Activity:
Repeat exactly the line that contains "Yellow Flower" and every line after it, down to the last line of the entries below. Do not include pictures.

====== Data for this exercise ======

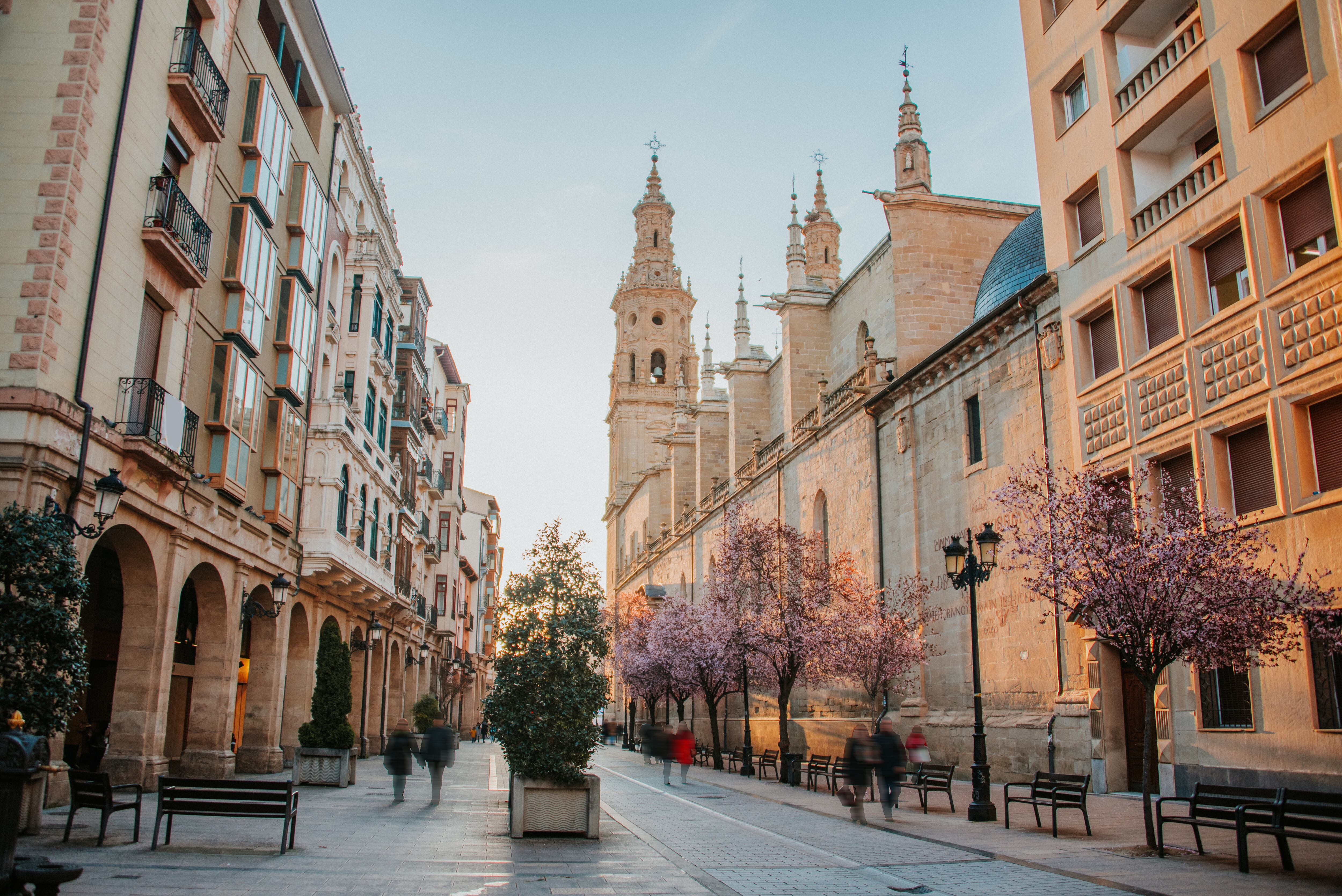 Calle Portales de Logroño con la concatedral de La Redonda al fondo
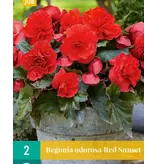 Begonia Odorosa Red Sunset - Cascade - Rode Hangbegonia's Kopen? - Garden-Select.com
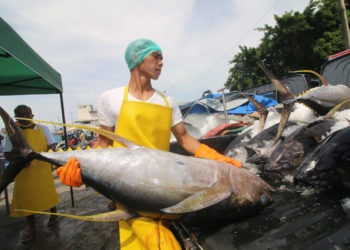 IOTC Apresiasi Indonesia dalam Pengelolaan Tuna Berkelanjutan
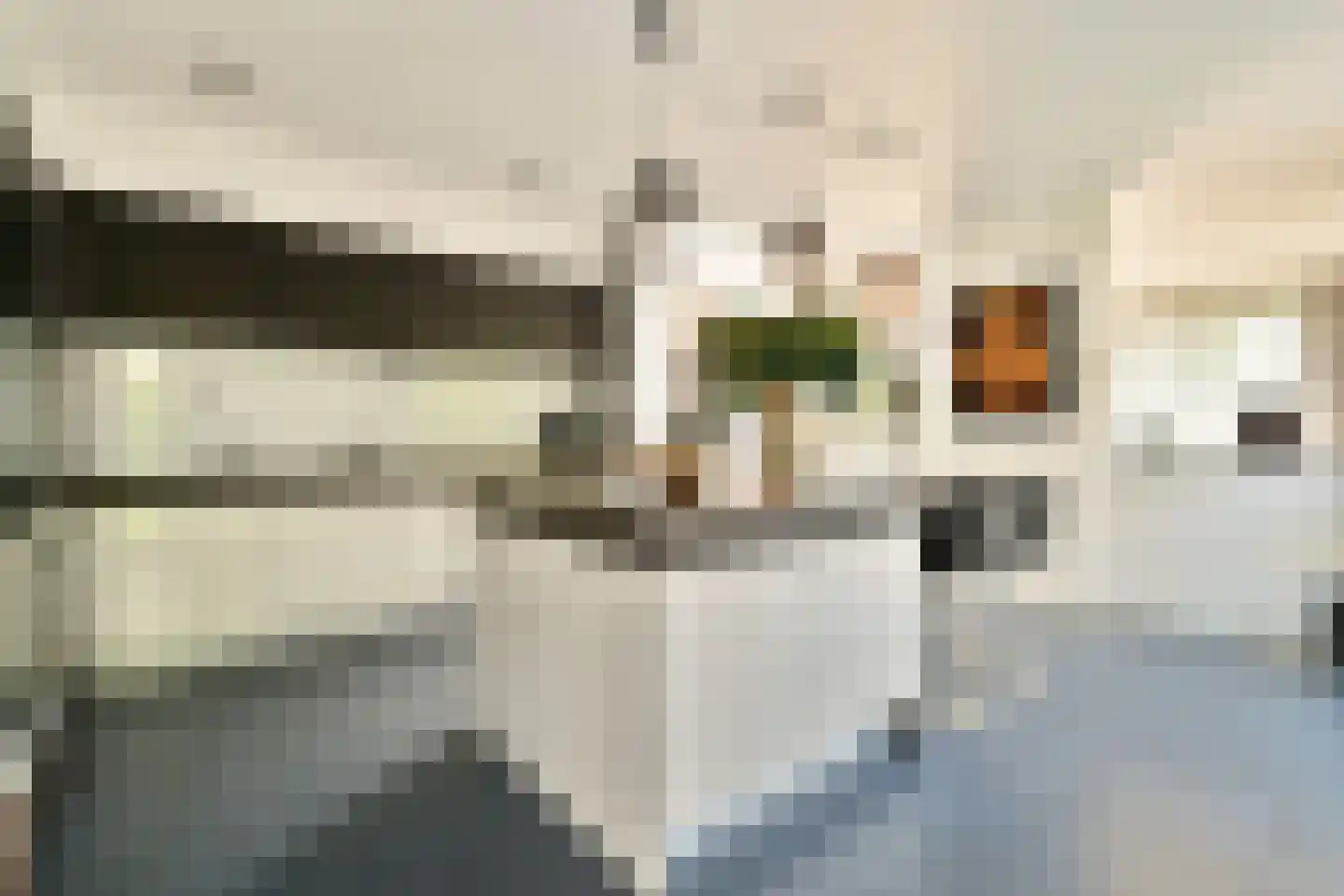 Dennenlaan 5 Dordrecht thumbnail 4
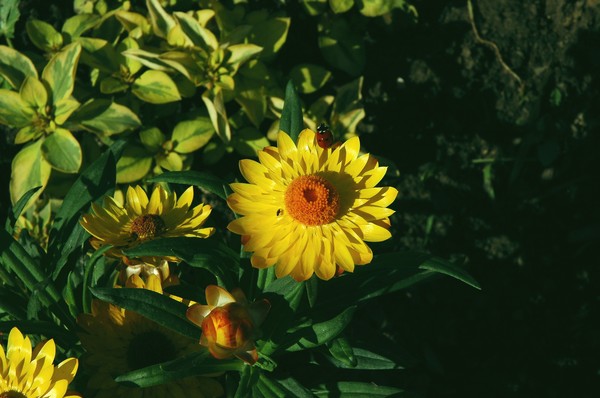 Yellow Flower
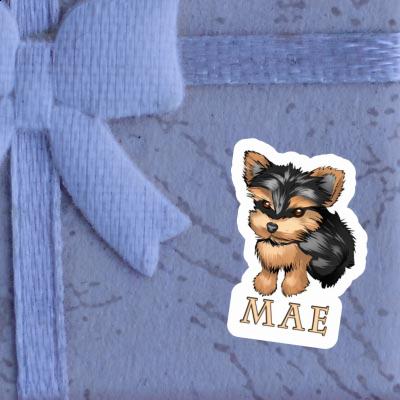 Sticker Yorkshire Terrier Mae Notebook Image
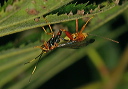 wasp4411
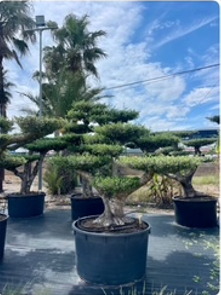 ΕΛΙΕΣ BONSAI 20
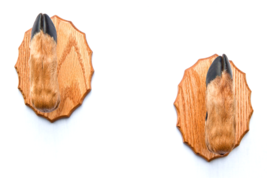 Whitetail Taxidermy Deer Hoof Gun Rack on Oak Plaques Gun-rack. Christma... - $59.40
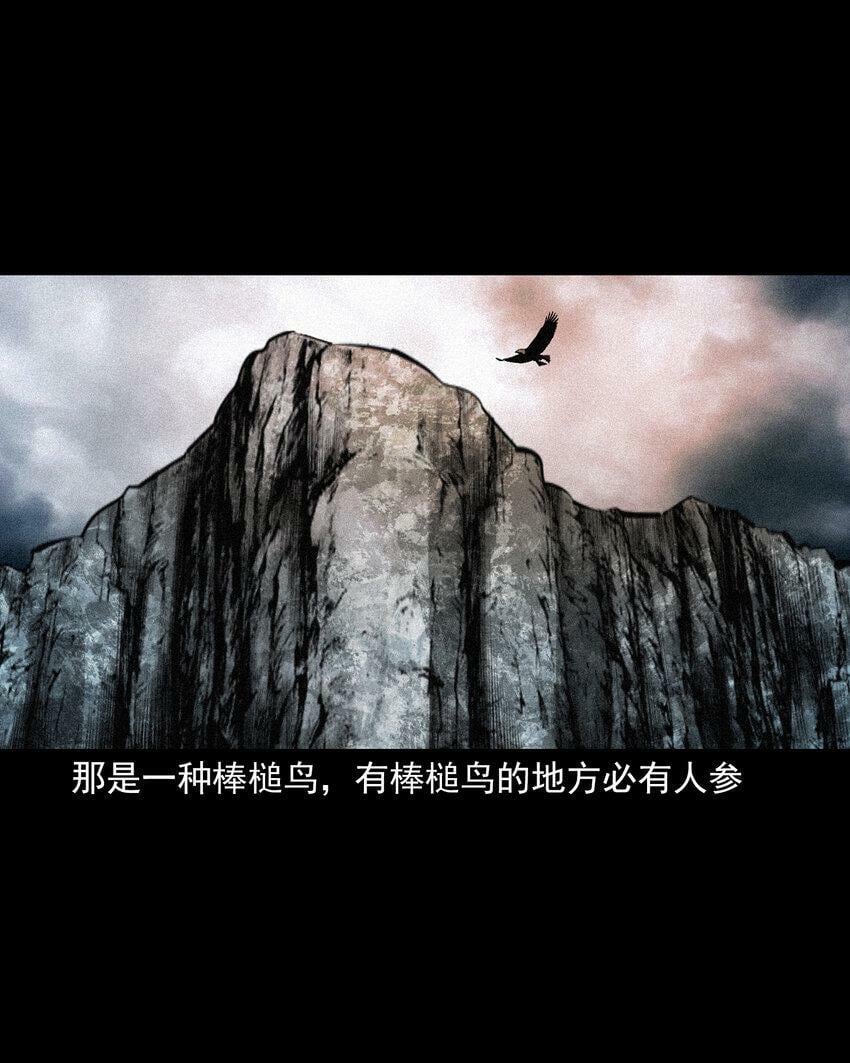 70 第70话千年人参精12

======

Answer for this exercise:
 Yellow Flower
 Sticker Yorkshire Terrier Mae Notebook Image
 wasp4411
 ΕΛΙΕΣ BONSAI 20
 Whitetail Taxidermy Deer Hoof Gun Rack on Oak Plaques Gun-rack. Christma... - $59.40
 70 第70话千年人参精12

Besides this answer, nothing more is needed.